There are really three elections every two years: the primary election, general election, and private caucus elections. You don’t participate in the caucus elections – called the “Organizational Meeting” - unless you survive the primary and general elections. In the first two elections, campaigns are public. In the organization meeting (caucus election) campaigning is conducted privately between legislators. It consists of campaigning for election to Speaker of the House, Majority Leader, Rules Chair, the two Finance Committee Co-Chairs (one for the operating budget, One for the capital budget.), and committee chairmanships.
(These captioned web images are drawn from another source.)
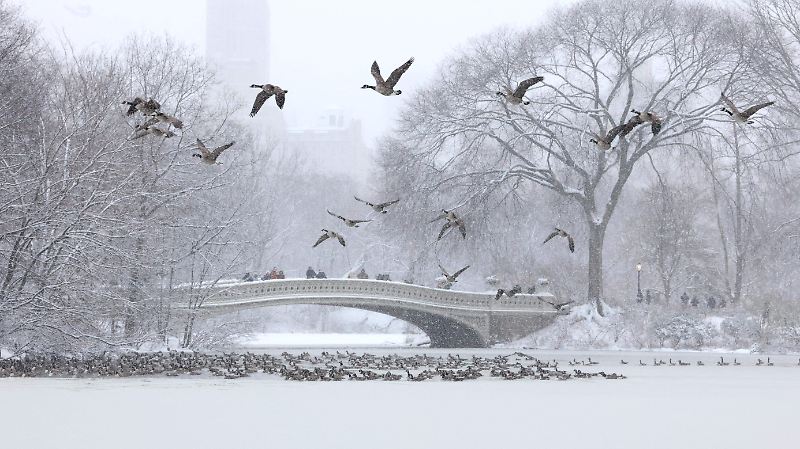 Tormenta Invernal En Nueva York
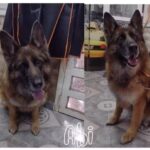 Peluquer&iacute;a Shampoo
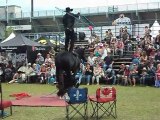 cheval savant au festival western de montreal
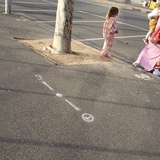 鲮鱼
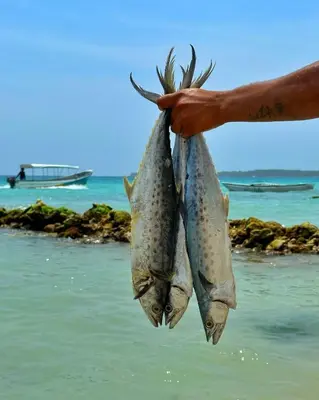 a person holding two fish in their hand on the beach at Beautiful Cabaña facing the Caribbean Sea! in Cartagena de Indias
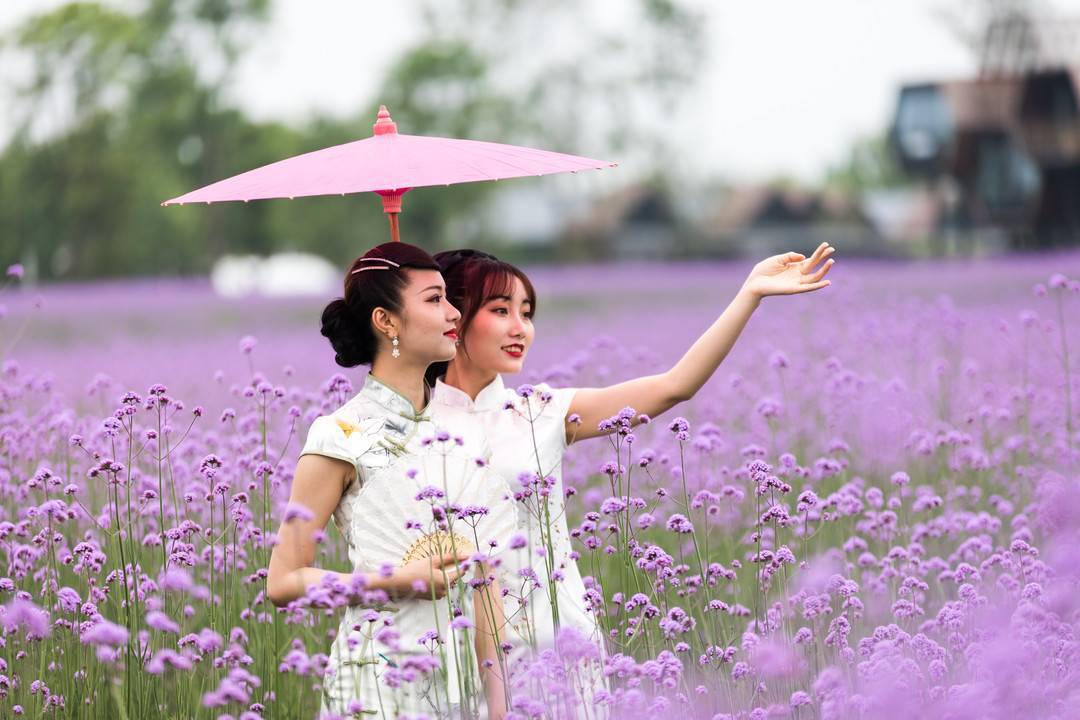 本次活动由中共大邑县委宣传部,大邑县文体旅游局,大邑县安仁博物馆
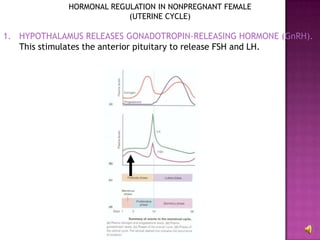 HORMONAL REGULATION IN NONPREGNANT FEMALE(UTERINE CYCLE)HYPOTHALAMUS RELEASES GONADOTROPIN-RELEASING HORMONE (GnRH).  This stimulates the anterior pituitary to release FSH and LH.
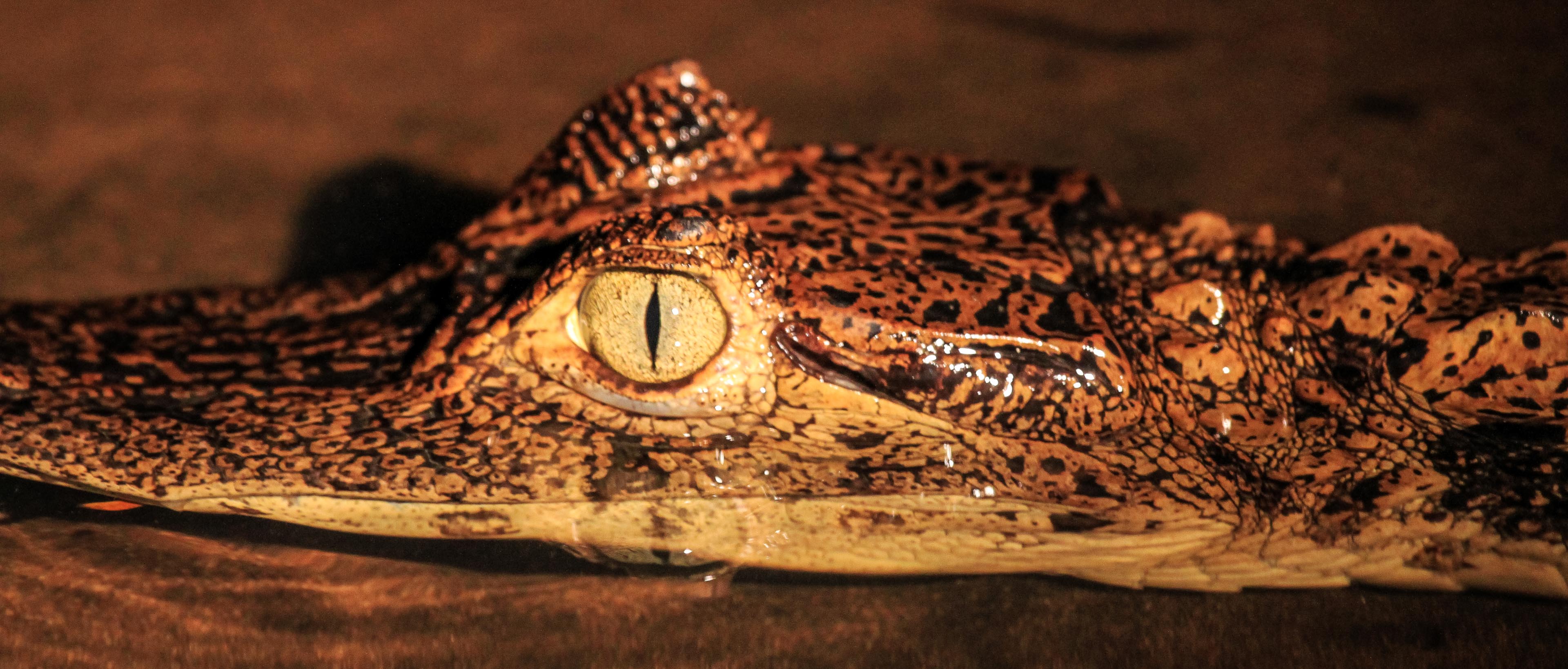 Caiman wading in shallow water on a night tour 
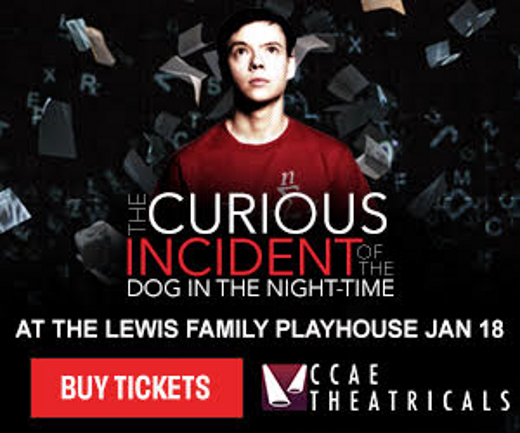 The Curious Incident of the Dog in the Night-Time in San Diego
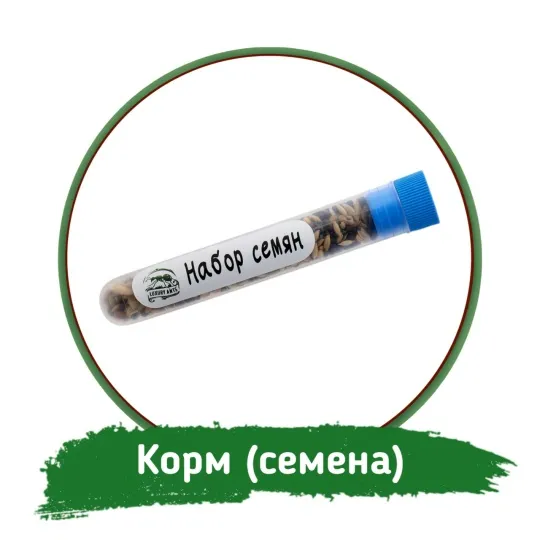 Набор семян для рода Messor (жнецы)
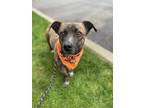 Adopt Timon a Brindle Plott Hound / Mountain Cur / Mixed dog in Lynnwood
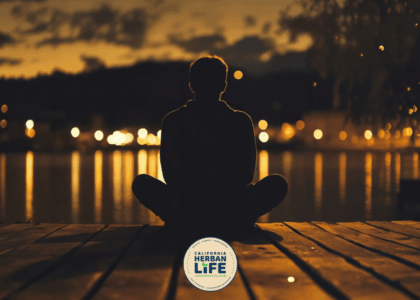 Thankful Spirit Diffusion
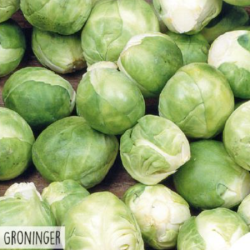 Hortitops Spruitkool Groninger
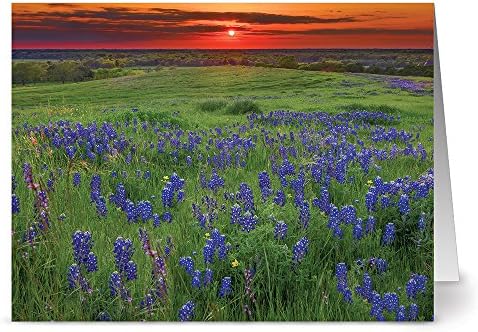 Note Card Café All Occasion Greeting Cards – 24 Pack - Unique Wildflowers at Sunset Design – OFF WHITE IVORY ENVELOPES INCLUDED – Blank Greeting Card – Glossy Cover Blank Inside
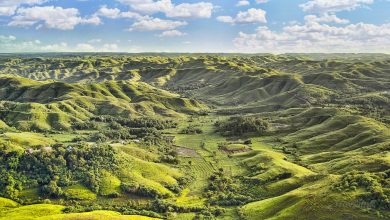 Photo of تپه های معروف سومبا اندونزی – ۷ تا از ساواناهای مشهور با منظره رویایی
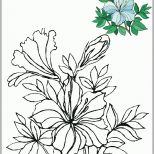 Tolle Blumen Vorlagen 1 Embroidery Pinterest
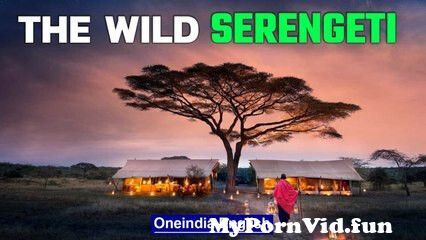Sex with the animals video in Dar es Salaam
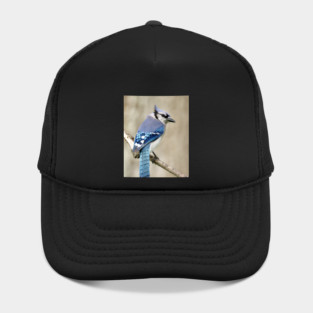 Portrait of a Blue Jay Hat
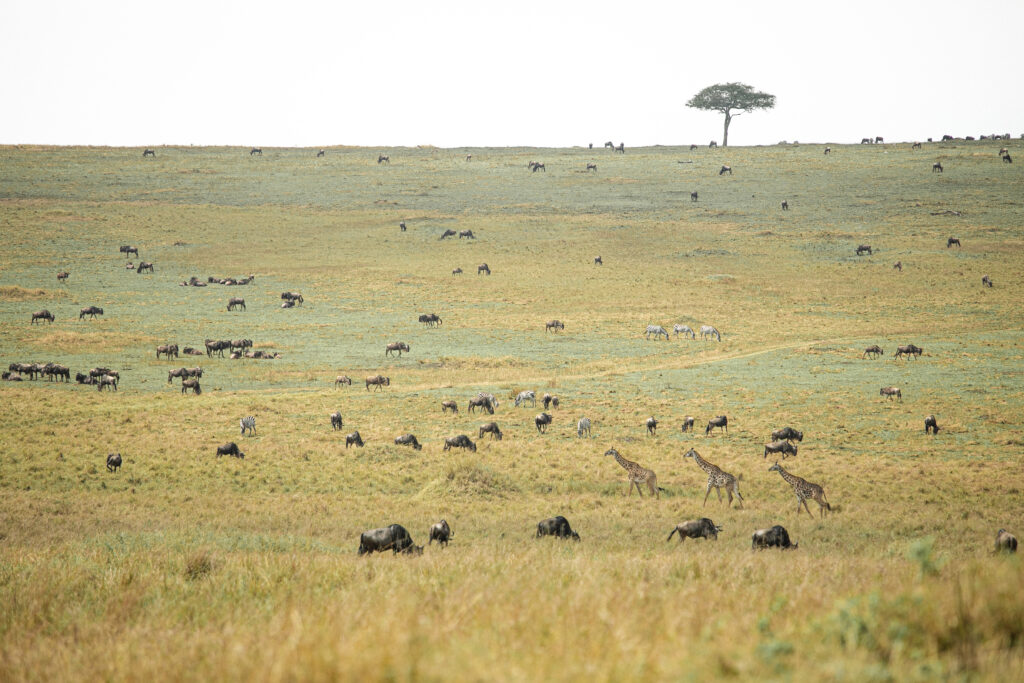 wildlife harmony image 1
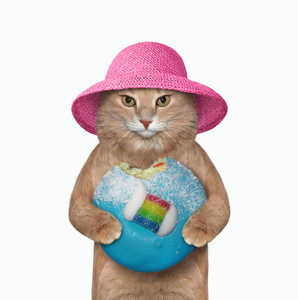 戴帽子的猫和蓝色甜甜圈图片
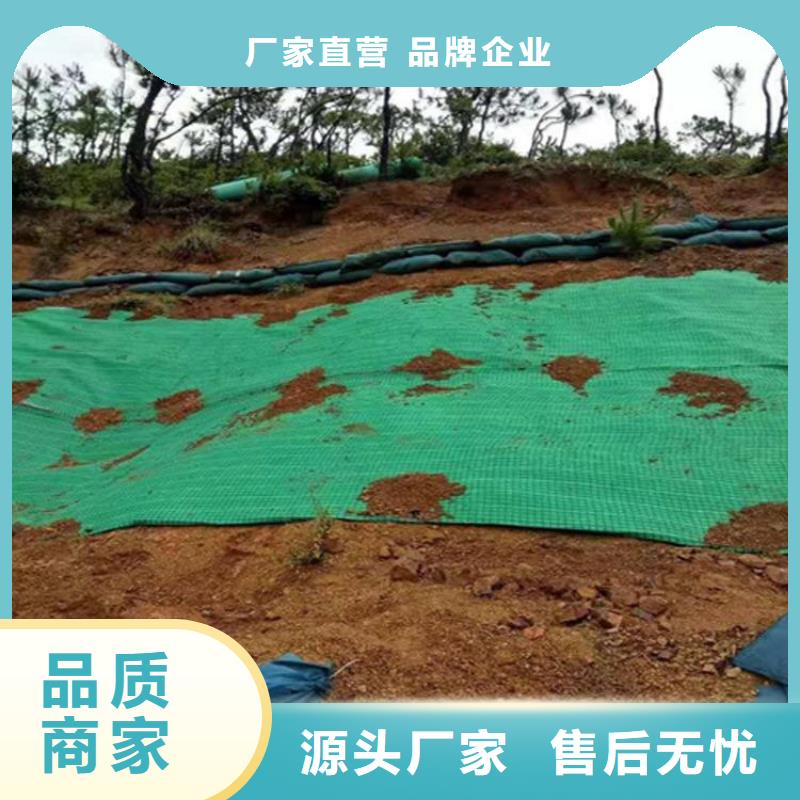 椰纖植生毯-椰纖毯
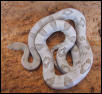 Axanthic TransPecos Rat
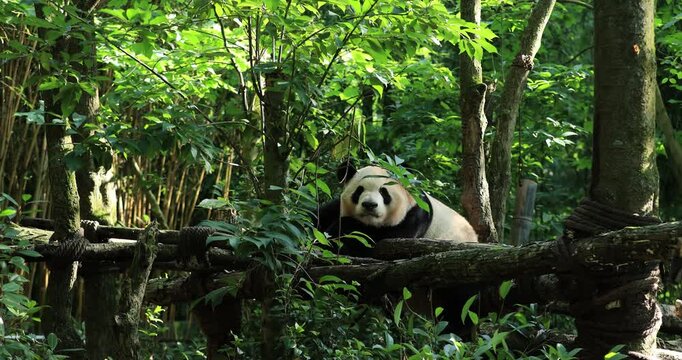  Giant panda sleeping in the zoo,China
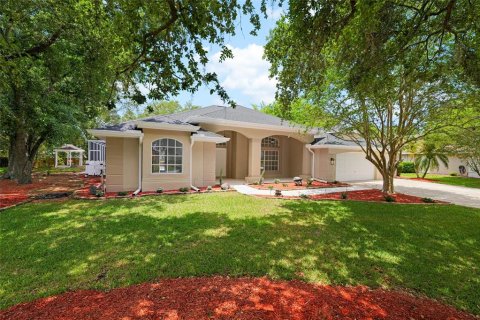 House in Plant City, Florida 4 bedrooms, 233.37 sq.m. № 2099769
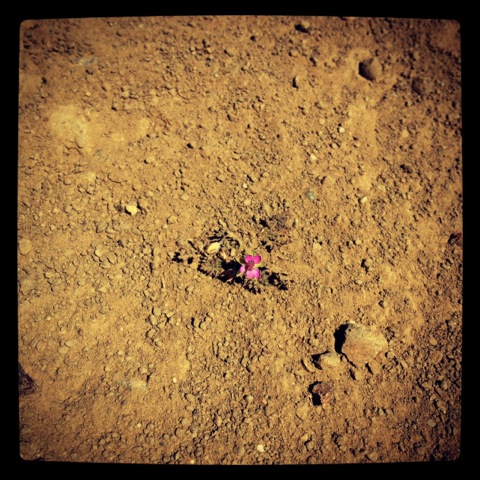 little-flower1.jpeg
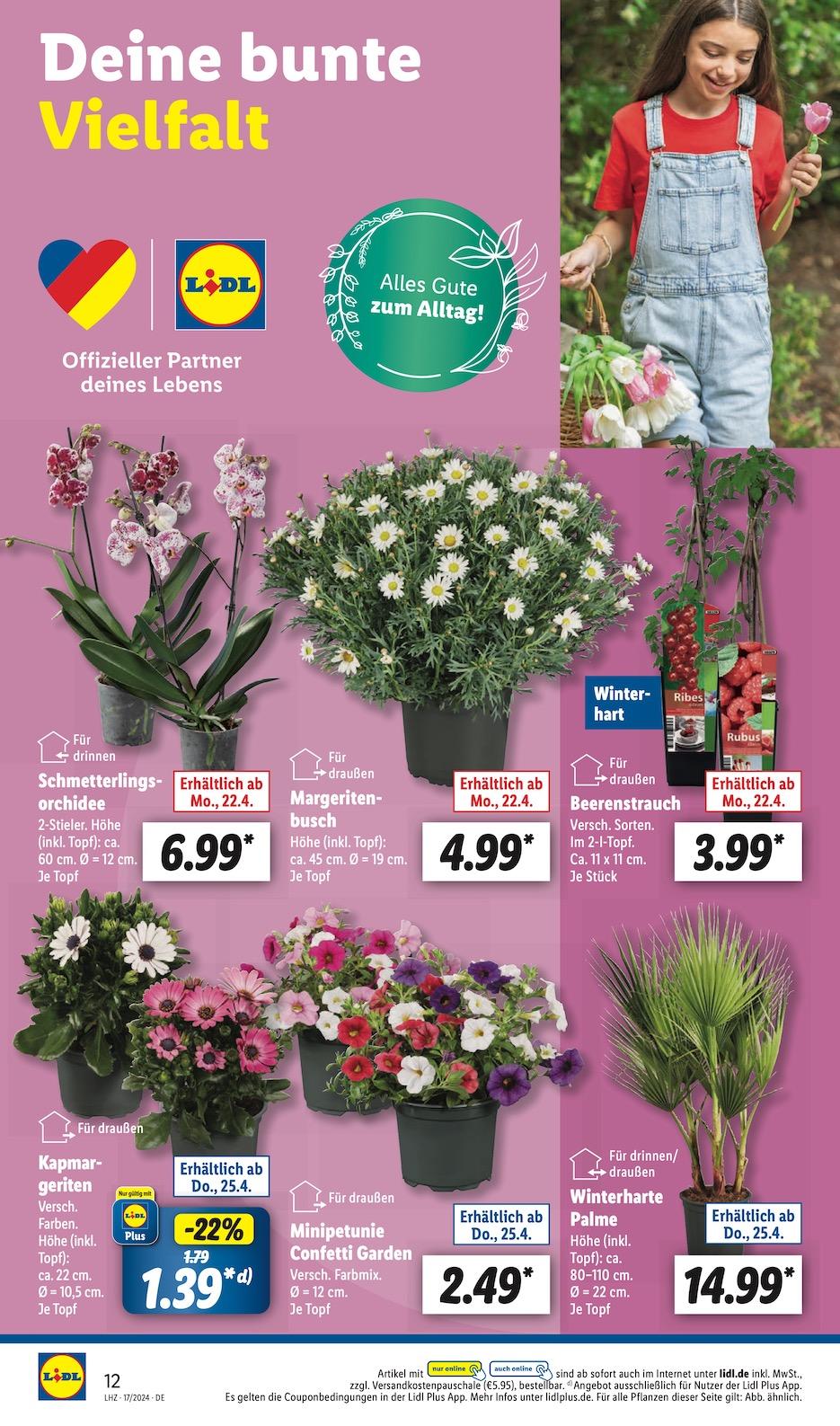 Lidl Aktueller Prospekt ab Montag Seite 4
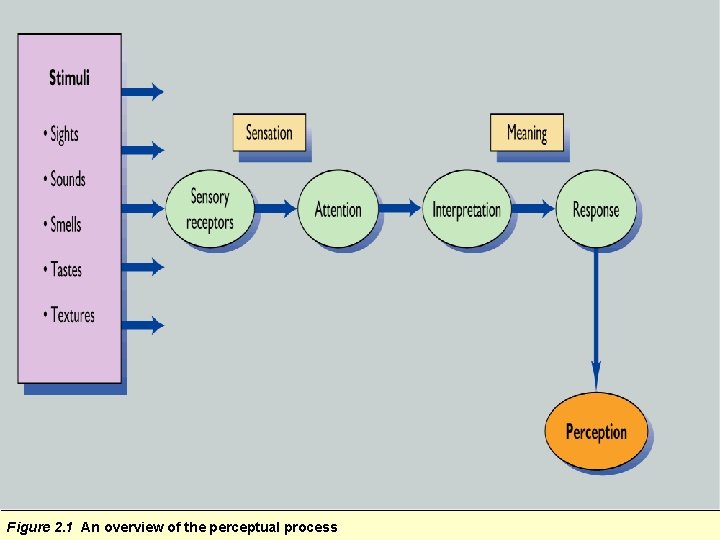 Figure 2. 1 An overview of the perceptual process Figure 2. 1 An overview of the perceptual process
We ask for “commitments” (promised votes) for the leadership position we seek. You might guess that there’s some “if you commit for this, I’ll commit to that.” What “happens in the organization meeting stays in the organizational meeting.” Or is supposed to stay there. Suffice to say, I was re-elected as Chair of our House State Affairs Committee. I thank my colleagues for that.
You likely have read in the newspaper, or have seen on TV, or heard political gossip, about what happened in our majority caucus organizational meeting that was held in Wasilla on the Friday and Saturday after the general election. Most - but not all – that has been reported in the media happened. Suffice to say, I voted my commitments, and voted with the majority of my caucus (because I thought it was the appropriate things to do) on who ended getting what in leadership, and other positions up for a vote. I can tell you this: out of the four organizational meetings in which I’ve been involved, this was by far the most “interesting.”
For most legislators, and for me, being in a organizational position to best serve constituents is more important than getting chairmanship or membership of a particular committee to serve ourselves.